Queensland State Election 2012: Gympie

Electorate: Gympie

Margin: Liberal National 27.2%
Region: Regional City
Federal: Wide Bay
Click here for Electoral Commission of Queensland map

The candidates

gympie - lnp

SANTO FERRANO
One Nation

KATHY HAWKE
Family First

SHANE PAULGER
Katter’s Australian Party

DAVID GIBSON
Liberal National (top)

BEN PARKER
Labor (bottom)

SHENA MacDONALD
Greens

gympie - alp

Electorate analysis: The electorate of Gympie covers the town itself and surrounding areas to the east and south, also extending across Toolara State Forest to distant coastal Tin Can Bay and Rainbow Beach. A seat bearing the name has existed since 1873, barring an interruption from 1950 to 1960. The cataclysmic Labor split came during the latter period, allowing the National/Country Party to win what had traditionally been a Labor seat when it was recreated in 1960, and maintain it thereafter. The area’s notable level of gun ownership made it a natural target for One Nation in 1998, but Labor preferences and a deluge of Nationals campaign resources (which proved to have been sorely needed elsewhere) held off a formidable 39.2 per cent primary vote for their candidate Ian Petersen. Elisa Roberts succeeded for One Nation in 2001 where Petersen had failed at the party’s high-water mark three years earlier, assisted in no small part by the retirement of veteran Nationals member Len Stephan. Roberts won the seat not because the One Nation primary vote held up (it fell to 25.7 per cent), but because Labor surged ahead of the Nationals, whose preferences (along with those of Petersen, who polled 16.2 per cent as the City-Country Alliance candidate) decided the result in Roberts’ favour.

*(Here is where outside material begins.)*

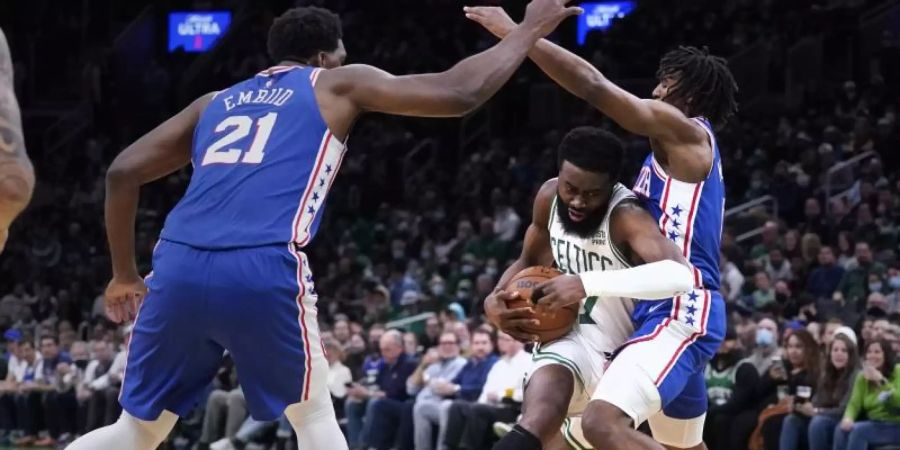 Boston Celtics-Guard Jaylen Brown (M) gegen Philadelphia 76ers-Guard Tyrese Maxey (r) und Center Joel Embiid. Foto: Charles Krupa/AP/dpa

Roberts parted company with what was left of One Nation in April 2002 and contested the 2004 election as an independent, increasing her primary vote to 33.4 per cent and prevailing over Labor by 10.0 per cent after preferences. Roberts proved a somewhat erratic member of parliament, particularly in her second term, and proved chronically indecisive as to whether she would contest the 2006 election. A final attempt to withdraw a week before polling day came too late for her to be removed from the ballot paper, and her position going into the election was that she would serve if elected. Nationals candidate David Gibson solved the problem for her by polling 46.0 per cent on the primary vote to win an 18.2 per cent two-party margin over Labor, with Roberts polling 8.4 per cent.

A former army officer and general manager of the Gympie Times, Gibson won promotion to Shadow Sustainability, Climate Change and Innovation Minister when Lawrence Springborg took over the Nationals leadership from Jeff Seeney in January 2008. After the 2009 election he at first nominated for the deputy leadership but withdrew out of deference to Lawrence Springborg, while also bemoaning the standard of the candidates contesting the leadership (Tim Nicholls and Fiona Simpson, together with the victorious John-Paul Langbroek). His portfolios were exchanged for infrastructure and planning in the ensuing reshuffle. Gibson accused Langbroek of being “unpredictable” when he contentiously made a public announcement of his plans for a reshuffle in September 2010, to which Langbroek reacted by dumping Gibson from the front bench. He would return as Shadow Local Government and Sport Minister when Campbell Newman became leader in April 2011.